Michael Gibson-Light
University of Arizona, School of Sociology
PhD Candidate
mgibson@email.arizona.edu
https://www.gibson-light.com/
Dissertation Title: Punishment and Capital: Inmate Labor in the Contemporary American Prison
Committee: Jeffrey Sallaz (chair), Phillip Goodman, Ron Breiger, Jennifer Carlson, and Kathleen Schwartzman
Research Description: Michael is a scholar of punishment, work, culture, and economic practice specializing in the study of prison labor and ethnographic methods. His dissertation research entails an 18 month ethnography within one U.S. men’s state prison complex and over 80 in-depth interviews with prisoners and prison staff.
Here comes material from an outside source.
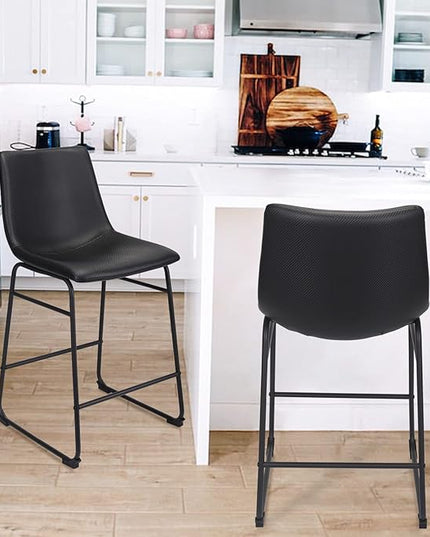 Bar Stools Set of 2, 26 Inches Bar Stool with Back, Carbon Fiber Bar Chair with Metal Legs (Black) - LeafyLoom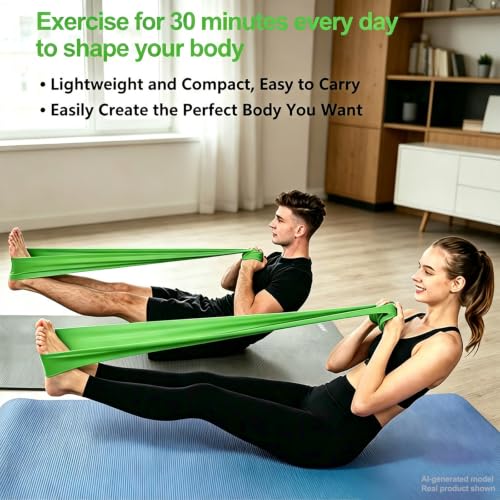 Long Resistance Bands for Working Out, Physical Therapy, Yoga & Pilates - color: Green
This work investigates the structure and practice of inmate labor, revealing a stratified prison employment system in which inmates compete for few “good prison jobs.” Certain prisoner groups, such as racial and ethnic minorities, foreign nationals, and those lacking valued forms of cultural and social capital or marketable work skills, face significant additional hurdles to securing meaningful work, impacting their resources within prison along with their resumes upon release. Outside inequalities are reinforced through how inmates are assigned to work sites, how individual jobs are organized and managed, and the practices and dispositions of inmate workers—that is, through the interplay of the structure of the prison employment system and the strategic action of actors within it. Social barriers are here reproduced not between the poor and rich or the incarcerated and free, but within the narrower range of social class occupied by the inmate population. Hence, while incarceration “marks” all offenders, the skills and qualifications with which they enter prison have powerful effects as well. Early findings regarding informal inmate practices—including the adoption of ramen noodles as the de facto informal currency within the prison black market—have drawn considerable public attention to Michael’s work.